In der Woche vor meinem 24. Geburtstag erhielt ich bereits so viel Post, dass mich der zuständige Zulieferer vermutlich mehr als einmal insgeheim verfluchte. Vermutlich steigt neben einer anderen bekannten Kurve auch die Zahl der Pakete derzeit exponentiell an. Ich denke, gerade jetzt, zu Geburtstagen, lange geplanten Festen, Hochzeiten oder anderen Anlässen, erweckt es in vielen Menschen besondere Anteilnahme, wenn diese nicht wie geplant stattfinden können. Anstatt eines selbstgebackenen Kuchens gab es einen Tassenkuchen von einer Freundin – ungebacken, versteht sich. Das Tütchen hatte die perfekte Größe für einen Briefumschlag. Auch meine Geburtstagskerzen zündete ich mir dieses Jahr selbst an.
Nicht weniger peinlich: das Geburtstagsständchen per Videochat
Langweilig wurde es trotz allem ganz und gar nicht: Denn gerade, weil ich keine Feier veranstalten konnte, bei der ich all meine Lieben um mich hatte, erhielt ich viele Anrufe.

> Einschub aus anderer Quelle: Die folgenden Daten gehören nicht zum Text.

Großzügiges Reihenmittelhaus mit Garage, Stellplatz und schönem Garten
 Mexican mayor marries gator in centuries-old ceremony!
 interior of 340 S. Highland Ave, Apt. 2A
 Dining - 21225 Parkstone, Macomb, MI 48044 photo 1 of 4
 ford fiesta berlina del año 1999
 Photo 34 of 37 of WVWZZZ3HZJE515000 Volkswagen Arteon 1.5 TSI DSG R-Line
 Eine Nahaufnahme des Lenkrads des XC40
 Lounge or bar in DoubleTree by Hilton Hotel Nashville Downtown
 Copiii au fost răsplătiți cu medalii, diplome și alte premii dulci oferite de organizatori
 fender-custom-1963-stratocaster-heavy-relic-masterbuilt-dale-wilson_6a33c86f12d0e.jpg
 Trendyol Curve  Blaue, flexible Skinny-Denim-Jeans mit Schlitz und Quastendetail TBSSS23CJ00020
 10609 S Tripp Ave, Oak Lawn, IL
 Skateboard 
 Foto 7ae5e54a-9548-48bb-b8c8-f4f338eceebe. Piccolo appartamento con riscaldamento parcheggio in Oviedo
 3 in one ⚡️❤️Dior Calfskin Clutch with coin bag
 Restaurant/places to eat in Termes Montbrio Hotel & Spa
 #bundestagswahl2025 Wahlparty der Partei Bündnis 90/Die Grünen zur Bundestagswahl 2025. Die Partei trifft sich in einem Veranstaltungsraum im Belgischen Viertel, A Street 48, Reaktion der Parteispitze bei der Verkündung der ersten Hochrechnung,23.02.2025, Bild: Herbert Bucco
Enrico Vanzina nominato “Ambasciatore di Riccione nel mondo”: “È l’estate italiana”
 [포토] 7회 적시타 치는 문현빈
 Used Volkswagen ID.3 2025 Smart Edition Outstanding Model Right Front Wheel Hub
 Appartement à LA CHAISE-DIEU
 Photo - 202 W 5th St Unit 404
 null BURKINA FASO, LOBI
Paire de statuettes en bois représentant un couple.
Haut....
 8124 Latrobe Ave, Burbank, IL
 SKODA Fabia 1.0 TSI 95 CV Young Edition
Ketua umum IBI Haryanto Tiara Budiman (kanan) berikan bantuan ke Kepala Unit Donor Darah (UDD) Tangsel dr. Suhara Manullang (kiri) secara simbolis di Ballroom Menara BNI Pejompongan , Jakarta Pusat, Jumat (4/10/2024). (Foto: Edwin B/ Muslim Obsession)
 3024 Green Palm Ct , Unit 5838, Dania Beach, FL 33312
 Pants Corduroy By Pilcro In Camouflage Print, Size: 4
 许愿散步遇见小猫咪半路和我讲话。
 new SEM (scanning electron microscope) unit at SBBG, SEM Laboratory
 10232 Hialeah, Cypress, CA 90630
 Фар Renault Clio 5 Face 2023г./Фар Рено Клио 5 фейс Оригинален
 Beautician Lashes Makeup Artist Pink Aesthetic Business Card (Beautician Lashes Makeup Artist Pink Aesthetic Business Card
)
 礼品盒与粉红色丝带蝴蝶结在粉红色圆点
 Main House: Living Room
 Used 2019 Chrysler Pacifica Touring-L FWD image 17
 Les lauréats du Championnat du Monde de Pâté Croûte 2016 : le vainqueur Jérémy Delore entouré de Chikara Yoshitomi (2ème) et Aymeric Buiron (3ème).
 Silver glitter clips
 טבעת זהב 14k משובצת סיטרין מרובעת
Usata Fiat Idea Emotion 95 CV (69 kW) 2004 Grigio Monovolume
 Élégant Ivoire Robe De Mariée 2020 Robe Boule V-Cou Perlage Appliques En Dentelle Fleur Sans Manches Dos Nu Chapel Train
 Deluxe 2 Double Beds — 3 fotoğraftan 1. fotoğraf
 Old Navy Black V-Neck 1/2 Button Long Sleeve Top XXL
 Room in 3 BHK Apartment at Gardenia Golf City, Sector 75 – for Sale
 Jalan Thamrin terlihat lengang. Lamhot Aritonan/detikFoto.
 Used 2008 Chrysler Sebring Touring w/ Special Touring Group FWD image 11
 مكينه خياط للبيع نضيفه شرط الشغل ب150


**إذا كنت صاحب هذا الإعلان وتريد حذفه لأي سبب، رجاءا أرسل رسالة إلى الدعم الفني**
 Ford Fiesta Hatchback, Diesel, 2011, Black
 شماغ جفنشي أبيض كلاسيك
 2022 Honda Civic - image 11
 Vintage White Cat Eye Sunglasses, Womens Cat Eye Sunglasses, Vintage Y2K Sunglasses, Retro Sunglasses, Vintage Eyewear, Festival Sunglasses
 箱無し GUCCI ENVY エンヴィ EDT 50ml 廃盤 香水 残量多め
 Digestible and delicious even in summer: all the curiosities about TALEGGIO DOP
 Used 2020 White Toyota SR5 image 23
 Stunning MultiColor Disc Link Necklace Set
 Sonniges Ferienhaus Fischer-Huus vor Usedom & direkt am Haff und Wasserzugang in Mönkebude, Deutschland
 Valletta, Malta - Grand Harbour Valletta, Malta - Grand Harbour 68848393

Sonst sind alle zur gleichen Zeit da, um zu gratulieren, doch in Zeiten des Social-Distancing ist das nicht so einfach. Gleichzeitig mit allen zu telefonieren geht nicht – und so hat man Glück, wenn die Sonne scheint und man ein Telefonat nach dem nächsten annehmen kann und gleichzeitig einen Spaziergang unternimmt.
Komisch ist es natürlich trotzdem, wenn die Familienmitglieder – verteilt auf verschiedene (Bundes-)Länder – vor den Computerbildschirmen sitzen und versuchen, einigermaßen synchron in ein Geburtstagsständchen einzustimmen, statt im gleichen Raum zu sein. Das macht die Zeit, in der man „besungen“ wird, jedoch kein bisschen weniger peinlich!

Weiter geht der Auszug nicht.